* **PROBLEM TO SOLVE**: State the number of lines below in which the word "Stock" appears. Nothing else belongs in the answer.

* **EXERCISE DATA**:
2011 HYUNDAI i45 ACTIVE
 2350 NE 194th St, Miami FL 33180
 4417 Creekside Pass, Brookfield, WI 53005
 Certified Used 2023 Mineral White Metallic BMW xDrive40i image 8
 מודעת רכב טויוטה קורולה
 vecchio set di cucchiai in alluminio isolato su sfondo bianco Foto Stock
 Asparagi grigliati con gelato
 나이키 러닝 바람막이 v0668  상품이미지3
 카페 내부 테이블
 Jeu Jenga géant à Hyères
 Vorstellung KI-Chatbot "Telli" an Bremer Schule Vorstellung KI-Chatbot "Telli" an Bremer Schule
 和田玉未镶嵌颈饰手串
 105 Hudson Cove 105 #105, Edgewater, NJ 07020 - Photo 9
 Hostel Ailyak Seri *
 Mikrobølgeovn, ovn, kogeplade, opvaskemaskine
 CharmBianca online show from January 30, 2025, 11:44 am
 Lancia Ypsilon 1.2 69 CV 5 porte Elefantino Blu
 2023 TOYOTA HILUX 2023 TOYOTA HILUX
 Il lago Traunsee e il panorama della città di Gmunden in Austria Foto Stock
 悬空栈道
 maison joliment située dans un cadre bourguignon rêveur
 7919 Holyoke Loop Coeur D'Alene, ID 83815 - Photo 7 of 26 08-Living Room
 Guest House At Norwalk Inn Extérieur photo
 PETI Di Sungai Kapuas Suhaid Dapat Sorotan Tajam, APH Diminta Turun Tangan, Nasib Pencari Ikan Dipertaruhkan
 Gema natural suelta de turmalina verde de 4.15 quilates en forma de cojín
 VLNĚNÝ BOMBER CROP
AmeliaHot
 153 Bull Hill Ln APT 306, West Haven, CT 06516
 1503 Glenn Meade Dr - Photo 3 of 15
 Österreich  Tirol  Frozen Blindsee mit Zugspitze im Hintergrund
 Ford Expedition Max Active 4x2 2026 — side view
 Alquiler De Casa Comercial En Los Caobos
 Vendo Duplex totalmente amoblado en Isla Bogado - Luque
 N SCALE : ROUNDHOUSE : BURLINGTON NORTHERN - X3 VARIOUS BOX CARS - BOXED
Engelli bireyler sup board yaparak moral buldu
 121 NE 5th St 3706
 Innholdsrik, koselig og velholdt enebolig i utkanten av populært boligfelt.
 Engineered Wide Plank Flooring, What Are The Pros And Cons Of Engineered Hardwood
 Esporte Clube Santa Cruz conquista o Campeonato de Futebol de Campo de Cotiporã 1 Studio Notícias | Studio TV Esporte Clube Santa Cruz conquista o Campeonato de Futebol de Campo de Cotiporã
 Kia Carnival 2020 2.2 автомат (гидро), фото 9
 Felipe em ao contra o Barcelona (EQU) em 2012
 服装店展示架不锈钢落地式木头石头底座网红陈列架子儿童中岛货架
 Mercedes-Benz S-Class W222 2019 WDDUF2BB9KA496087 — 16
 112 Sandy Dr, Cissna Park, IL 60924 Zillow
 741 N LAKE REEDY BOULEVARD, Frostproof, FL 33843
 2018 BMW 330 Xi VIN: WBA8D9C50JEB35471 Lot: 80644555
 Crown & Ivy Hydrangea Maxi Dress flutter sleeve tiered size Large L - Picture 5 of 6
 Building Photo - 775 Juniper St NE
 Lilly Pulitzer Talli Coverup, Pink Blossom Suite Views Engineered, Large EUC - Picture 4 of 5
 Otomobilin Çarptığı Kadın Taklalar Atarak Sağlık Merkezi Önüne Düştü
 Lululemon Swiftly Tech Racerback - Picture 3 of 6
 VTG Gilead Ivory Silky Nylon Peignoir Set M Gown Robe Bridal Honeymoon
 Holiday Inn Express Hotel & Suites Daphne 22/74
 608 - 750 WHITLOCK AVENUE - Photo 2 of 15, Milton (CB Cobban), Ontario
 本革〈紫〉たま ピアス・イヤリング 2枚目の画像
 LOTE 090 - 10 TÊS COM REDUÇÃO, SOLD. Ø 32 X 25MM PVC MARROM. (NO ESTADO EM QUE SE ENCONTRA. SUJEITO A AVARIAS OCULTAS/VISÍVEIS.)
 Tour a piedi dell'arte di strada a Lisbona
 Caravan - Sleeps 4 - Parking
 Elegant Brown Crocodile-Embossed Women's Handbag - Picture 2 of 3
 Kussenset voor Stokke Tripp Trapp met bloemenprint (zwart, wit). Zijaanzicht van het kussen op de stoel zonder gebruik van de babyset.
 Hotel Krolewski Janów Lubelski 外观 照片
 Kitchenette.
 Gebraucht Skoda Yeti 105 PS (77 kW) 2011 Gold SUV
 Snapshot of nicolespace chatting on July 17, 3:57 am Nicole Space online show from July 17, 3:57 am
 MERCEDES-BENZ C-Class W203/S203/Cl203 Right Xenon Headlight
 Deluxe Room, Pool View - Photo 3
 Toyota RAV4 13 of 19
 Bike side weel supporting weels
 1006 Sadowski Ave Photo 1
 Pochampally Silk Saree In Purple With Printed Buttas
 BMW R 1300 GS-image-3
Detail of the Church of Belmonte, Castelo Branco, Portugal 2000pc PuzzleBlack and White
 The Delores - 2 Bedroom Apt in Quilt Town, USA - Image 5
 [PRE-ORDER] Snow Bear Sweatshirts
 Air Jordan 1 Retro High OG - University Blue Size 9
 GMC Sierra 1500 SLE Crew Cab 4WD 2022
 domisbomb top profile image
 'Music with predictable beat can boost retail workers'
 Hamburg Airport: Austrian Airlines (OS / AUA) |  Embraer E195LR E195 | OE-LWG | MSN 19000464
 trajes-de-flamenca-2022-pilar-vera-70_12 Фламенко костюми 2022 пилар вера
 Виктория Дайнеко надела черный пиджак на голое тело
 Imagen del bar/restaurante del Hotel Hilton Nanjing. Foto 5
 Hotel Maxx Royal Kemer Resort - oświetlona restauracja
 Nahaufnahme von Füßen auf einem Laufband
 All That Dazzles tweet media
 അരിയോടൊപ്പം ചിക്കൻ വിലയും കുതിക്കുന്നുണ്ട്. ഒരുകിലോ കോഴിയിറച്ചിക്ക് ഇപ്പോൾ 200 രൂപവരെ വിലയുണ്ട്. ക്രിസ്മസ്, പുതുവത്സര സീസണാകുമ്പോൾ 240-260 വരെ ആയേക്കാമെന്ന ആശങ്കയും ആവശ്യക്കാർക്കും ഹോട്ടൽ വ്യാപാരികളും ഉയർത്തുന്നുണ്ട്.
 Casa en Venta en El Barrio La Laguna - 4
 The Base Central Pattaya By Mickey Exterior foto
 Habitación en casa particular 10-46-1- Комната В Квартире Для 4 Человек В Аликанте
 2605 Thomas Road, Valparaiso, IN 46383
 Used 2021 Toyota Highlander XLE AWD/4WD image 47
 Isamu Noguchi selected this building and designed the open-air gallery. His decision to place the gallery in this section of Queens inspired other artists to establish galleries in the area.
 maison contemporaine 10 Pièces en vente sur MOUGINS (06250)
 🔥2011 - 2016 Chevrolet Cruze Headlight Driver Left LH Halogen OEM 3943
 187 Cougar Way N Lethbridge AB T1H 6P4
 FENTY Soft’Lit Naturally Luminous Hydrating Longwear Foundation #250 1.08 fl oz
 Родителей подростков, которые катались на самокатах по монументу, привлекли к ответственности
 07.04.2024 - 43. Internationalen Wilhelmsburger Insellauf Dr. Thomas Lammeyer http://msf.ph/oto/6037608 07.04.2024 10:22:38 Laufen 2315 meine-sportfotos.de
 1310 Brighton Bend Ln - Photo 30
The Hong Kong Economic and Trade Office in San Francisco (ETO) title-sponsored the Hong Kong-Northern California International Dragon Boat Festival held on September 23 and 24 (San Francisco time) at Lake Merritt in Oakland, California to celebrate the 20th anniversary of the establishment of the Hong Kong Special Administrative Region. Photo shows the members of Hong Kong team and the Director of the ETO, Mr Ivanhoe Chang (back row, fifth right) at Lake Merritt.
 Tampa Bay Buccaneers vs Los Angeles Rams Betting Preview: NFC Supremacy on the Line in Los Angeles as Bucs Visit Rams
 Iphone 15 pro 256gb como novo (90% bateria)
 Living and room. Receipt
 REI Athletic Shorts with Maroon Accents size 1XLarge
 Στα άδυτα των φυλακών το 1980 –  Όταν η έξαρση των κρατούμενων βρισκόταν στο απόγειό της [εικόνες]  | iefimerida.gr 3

* **SOLUTION**: 2